The Australian Pharmaceutical benefit scheme is a monopsony buy-in arrangement for medicines run by ministries. It currently costs tax payers about ten billion dollars per year (see page 3 here), up from a paltry 149,000 pounds in its first year of operation, 1948! The upward trend was worrying enough to lead the Treasury to flag it as a real problem in its Intergenerational report, and Phillip Clarke in particular has been vigorously arguing that it is poorly designed and that we overpay for our medicines, especially generic medicines. A recent report by Stephen Duckett has increased pressure for reform by claiming that the taxpayers are being fleeced to the tune of 1.3 billion a year.

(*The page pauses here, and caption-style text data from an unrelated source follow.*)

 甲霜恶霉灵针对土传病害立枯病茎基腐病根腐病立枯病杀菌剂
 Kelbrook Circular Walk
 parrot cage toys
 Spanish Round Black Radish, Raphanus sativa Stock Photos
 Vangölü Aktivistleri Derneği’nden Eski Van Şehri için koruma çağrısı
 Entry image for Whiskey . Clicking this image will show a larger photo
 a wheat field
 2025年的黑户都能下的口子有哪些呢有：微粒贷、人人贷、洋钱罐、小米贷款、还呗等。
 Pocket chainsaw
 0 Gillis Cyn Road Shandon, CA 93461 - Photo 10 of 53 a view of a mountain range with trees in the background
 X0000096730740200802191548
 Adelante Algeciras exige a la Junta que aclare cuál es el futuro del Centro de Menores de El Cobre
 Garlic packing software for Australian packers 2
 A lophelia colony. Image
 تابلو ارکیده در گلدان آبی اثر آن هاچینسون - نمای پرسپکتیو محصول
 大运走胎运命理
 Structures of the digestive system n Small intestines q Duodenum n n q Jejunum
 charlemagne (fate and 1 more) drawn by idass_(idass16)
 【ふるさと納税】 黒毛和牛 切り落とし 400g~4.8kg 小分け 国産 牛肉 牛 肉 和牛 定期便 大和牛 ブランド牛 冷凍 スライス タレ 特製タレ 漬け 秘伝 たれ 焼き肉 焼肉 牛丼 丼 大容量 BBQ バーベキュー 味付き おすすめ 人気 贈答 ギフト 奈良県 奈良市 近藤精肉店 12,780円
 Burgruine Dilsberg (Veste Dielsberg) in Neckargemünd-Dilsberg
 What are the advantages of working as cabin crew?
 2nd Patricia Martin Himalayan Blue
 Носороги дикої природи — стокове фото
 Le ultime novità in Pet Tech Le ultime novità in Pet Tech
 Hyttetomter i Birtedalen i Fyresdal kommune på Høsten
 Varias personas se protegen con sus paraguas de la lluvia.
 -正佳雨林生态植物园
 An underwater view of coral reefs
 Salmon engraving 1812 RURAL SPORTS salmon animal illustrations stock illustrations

Both Clarke and Duckett point to what others pay to convince their audience. Phillip Clarke, in a recent letter to the editor of the Medical Journal of Australia points out that several other countries, such as New Zealand, pays much lower prices for the same medicines and that just on statins alone, a 260 million savings could be made by going to the low price. Duckett points out that even within Australia, several entities pay much less for the same medicines than the commonwealth does to pay for medicines-at-home. Hospitals for instance pay much less for the same medicines which they buy in bulk. Applying the lowest-cost price all round would in his estimation save around 1.3 billion. In short, we pay too much.
The deeper question is how to reform the pharmaceutical benefit scheme so that we get the incentives right to avoid paying too much. The problem hitherto has been that the decisions have become political, leading to a huge amount of lobbying by the pharamaceutical industry of both the ministers via media manipulations, and via repeated (and successful!) attempts at influencing the composition and work methods of the current scheme, forever expanding its budget.
Duckett has now started calling for a more independent monopsony scheme that would be allocated a fixed budget to buy in medicines for patients in Australia and that would hence regularly have to add and remove medicines in order to stay within the budget yet allow new and useful drugs into the system. Politicians would still determine the budget beforehand and appoint a director, after which the independent institute decides what to fund and what not. By fixing the budget beforehand one thereby removes a lot of the incentives for pharmaceutical companies to coordinate on political pressure as it puts the various companies in more direct competition with each other for the available dollars.
Buckett helpfully supplies a whole timeline for how the thing can be set up. Interestingly, what he proposes is almost a carbon copy of the first ‘piece of advise’ I gave to this government in March 2012 (see here where I call for an “independent Medicine Procurement Authority”), although his plan clearly pre-dates mine and is far more worked out.
I applaud Clarke and Duckett’s attempts at helping the nation get lower prices for our medicines and I wish them favourable political winds!